Semi-supervised Fréchet Regression
Rui Qiu, Zhou Yu, Zhenhua Lin
TL;DR
This work tackles regression where the response lies in a non-Euclidean metric space by leveraging abundant unlabeled feature data. It introduces two semi-supervised Fréchet regression estimators, NW and kNN variants, built on graph-based geodesic distances to exploit a low-dimensional manifold structure. The authors establish nonasymptotic convergence rates that adapt to the intrinsic dimension $q$ of the manifold, achieving minimax-optimal rates of order $n^{-\frac{2\beta}{2\beta+q}}$ in the Hölder regime, and demonstrate substantial empirical gains over purely supervised methods in simulations and a real-face dataset. The results justify using unlabeled data to learn the manifold geometry and improve non-Euclidean prediction accuracy, with practical impact for distributional data, SPD matrices, and spherical targets. The study also discusses limitations and future extensions, including online semi-supervised learning and potential deep-learning integrations.
Abstract
This paper explores the field of semi-supervised Fréchet regression, driven by the significant costs associated with obtaining non-Euclidean labels.

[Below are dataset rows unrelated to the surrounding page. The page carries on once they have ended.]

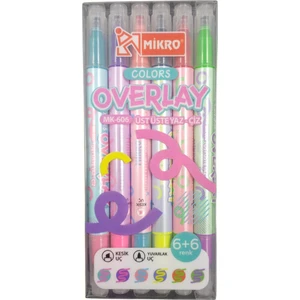 Mıkro MK-606-24 Overlay Fosforlu Kalem 6 Lı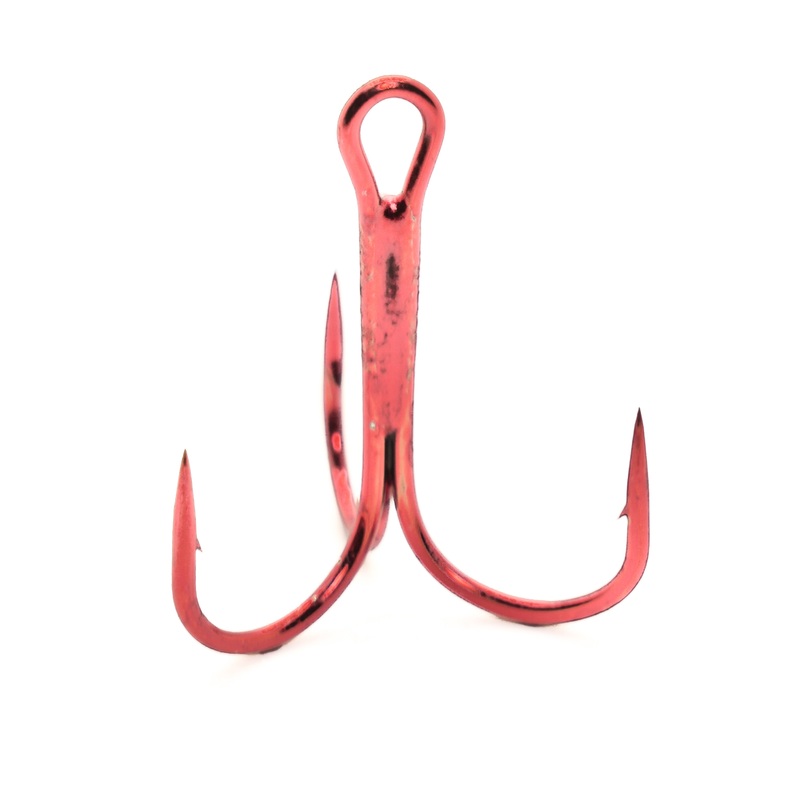 Mustad 35647 Red Round Bend Treble Hook 25 pack 6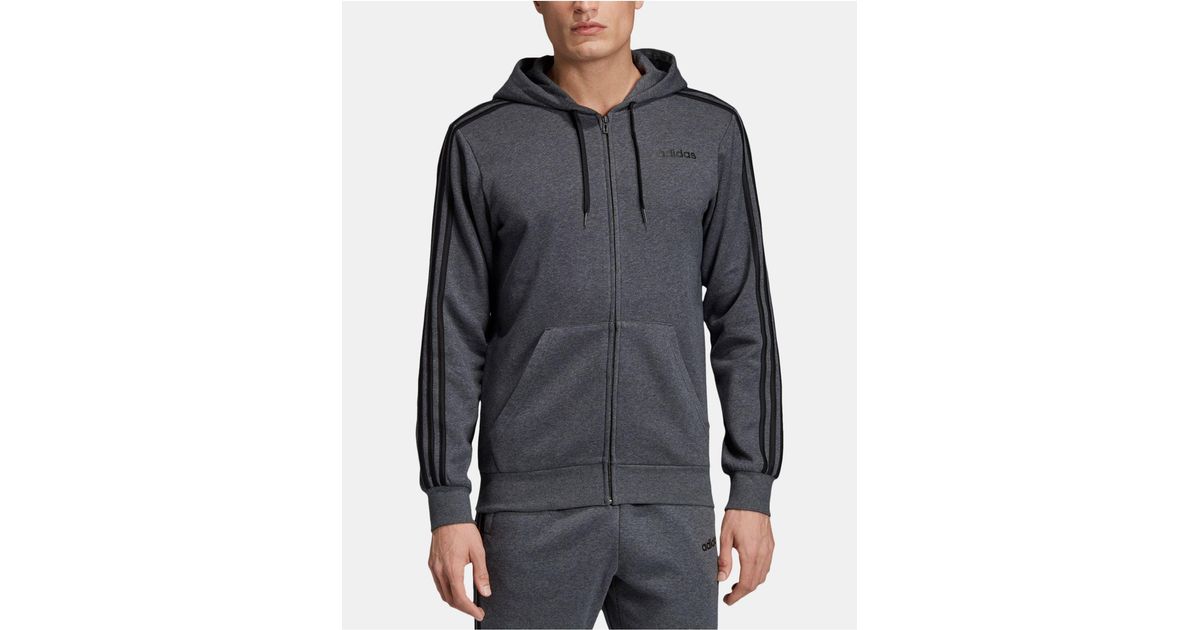adidas Men's Fleece Zip Hoodie in Dark Grey Heather/Black (Gray) for Men -  Lyst
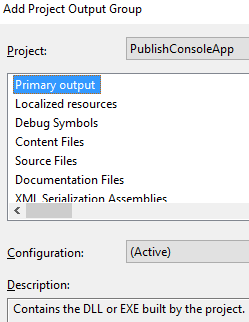 Publish console add project output group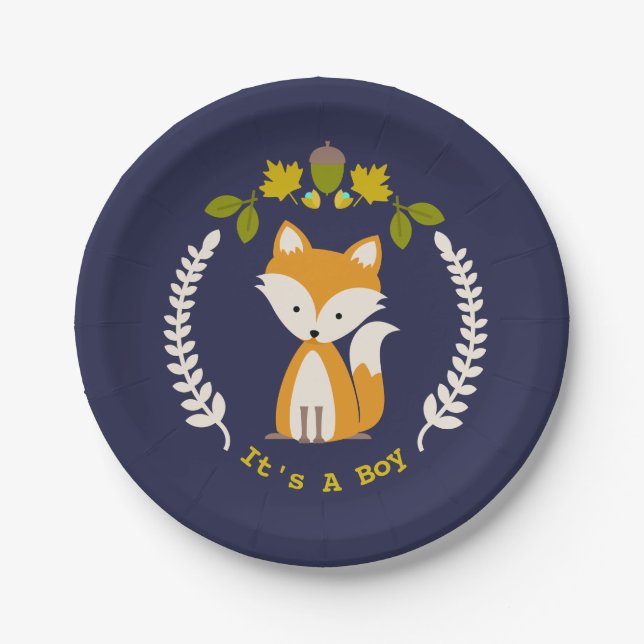 Fox Modern Boy Baby Shower Paper Plate (Front)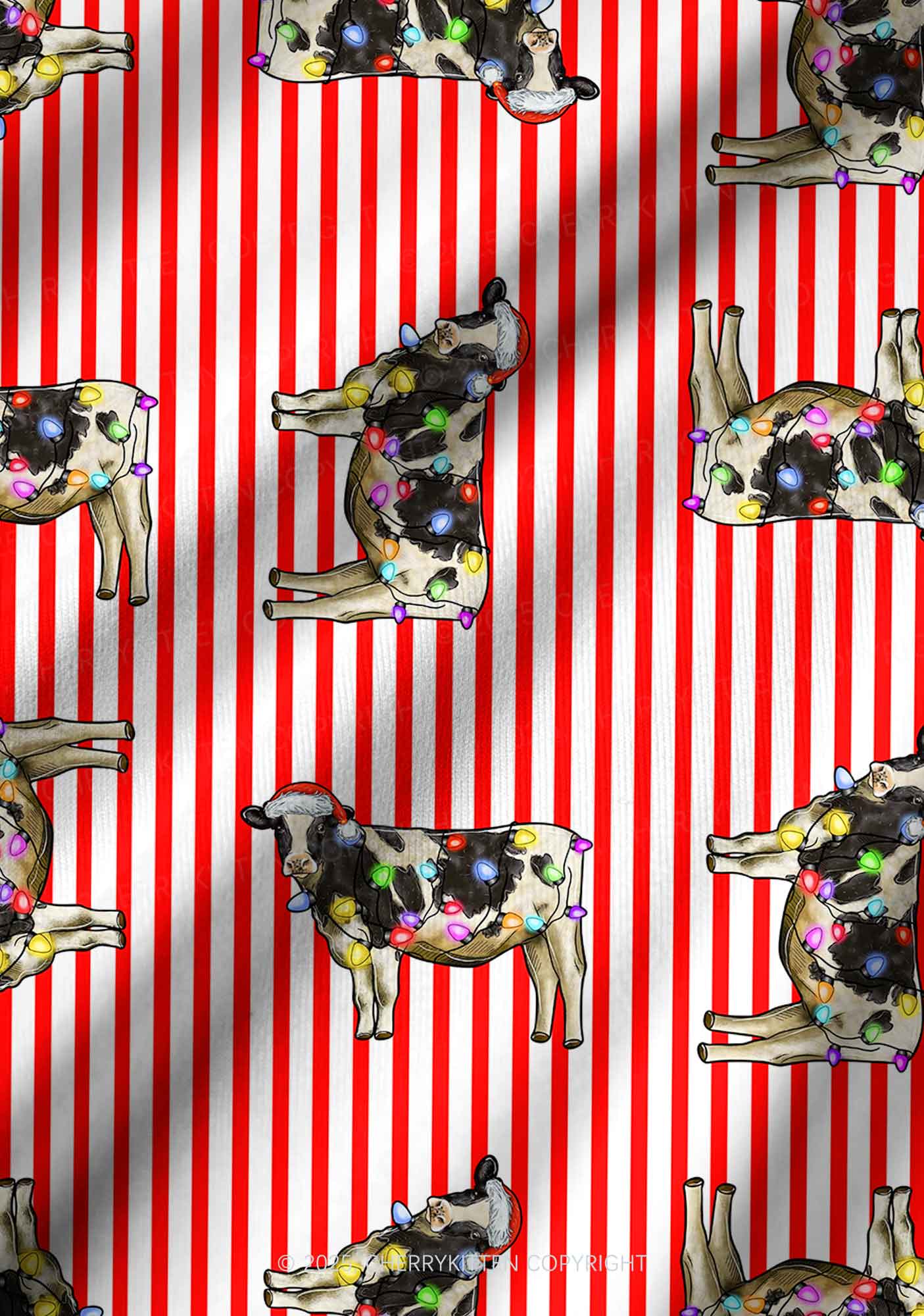 Christmas Cow Y2K Print Long Sleeve Pajama Set Cherrykitten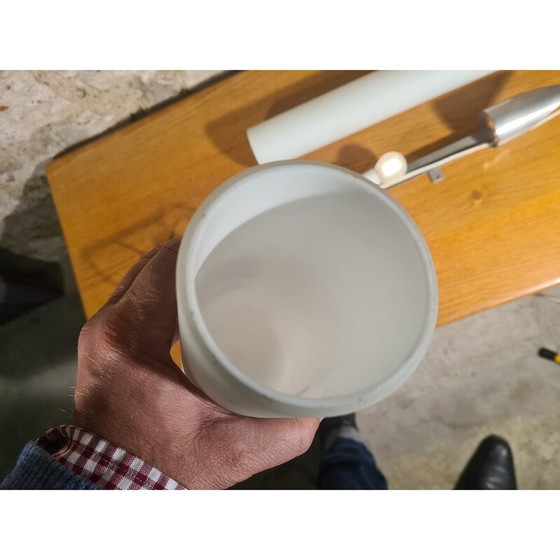 Image 1 of Vintage pennenlamp in vernikkeld staal en wit opaline glas voor Diw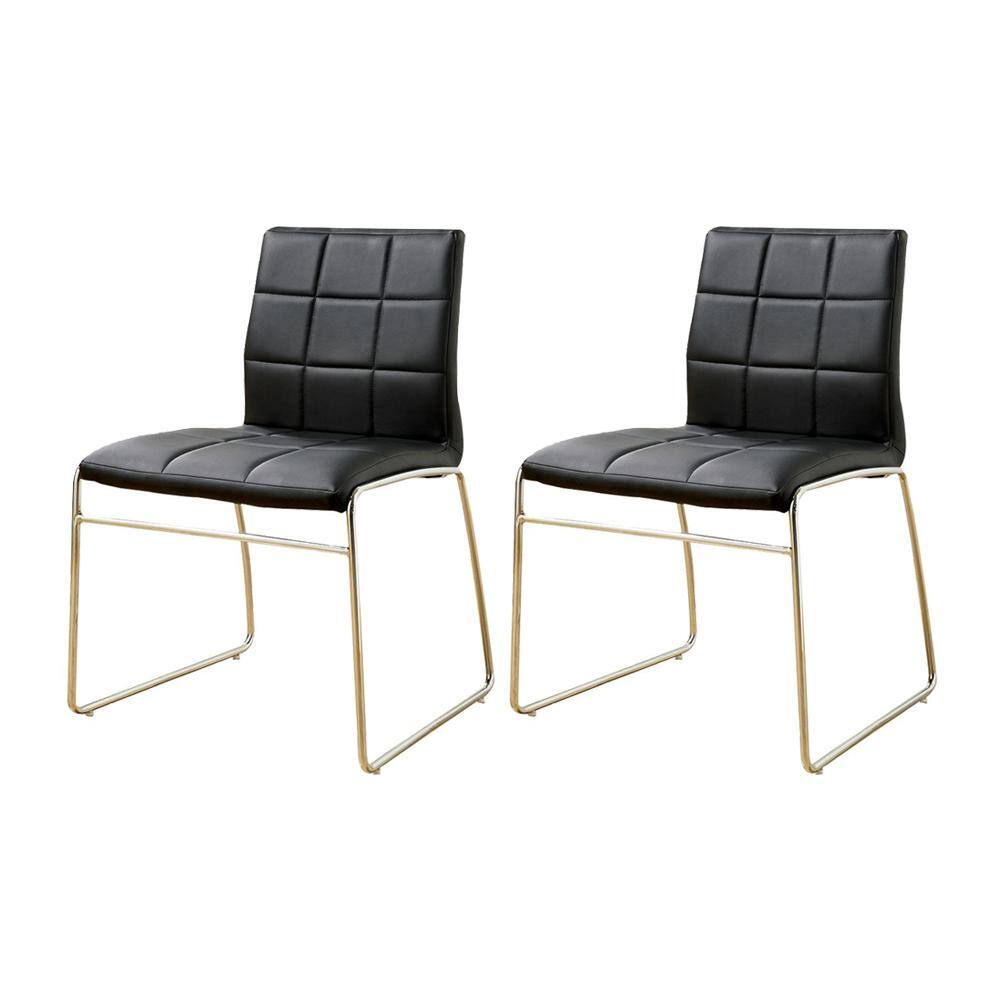 Black Metal Contemporary Side Chair with Leatherette Seat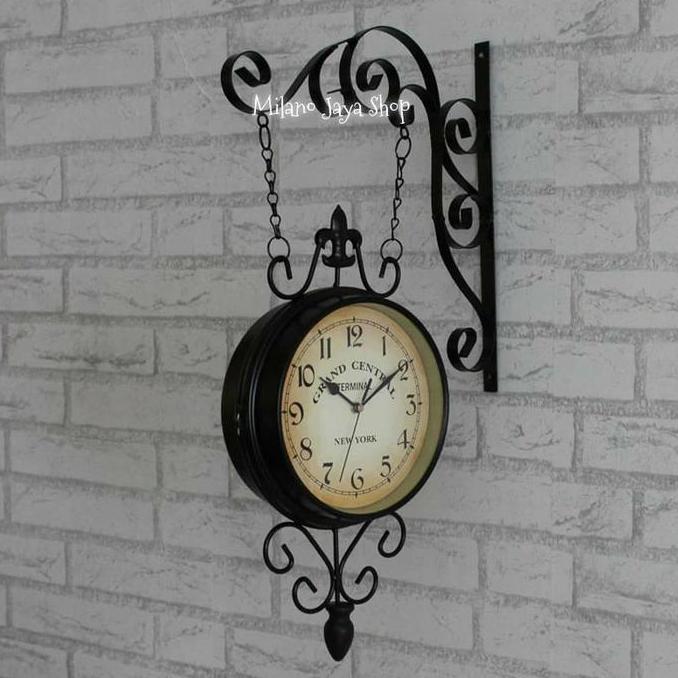Jam Gantung Dua Sisi Double Side Shabby Wall Clock Hiasan Vintage PL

Methodologically, we propose two novel methods: semi-supervised NW Fréchet regression and semi-supervised kNN Fréchet regression, both based on graph distance acquired from all feature instances. These methods extend the scope of existing semi-supervised Euclidean regression methods. We establish their convergence rates with limited labeled data and large amounts of unlabeled data, taking into account the low-dimensional manifold structure of the feature space. Through comprehensive simulations across diverse settings and applications to real data, we demonstrate the superior performance of our methods over their supervised counterparts. This study addresses existing research gaps and paves the way for further exploration and advancements in the field of semi-supervised Fréchet regression.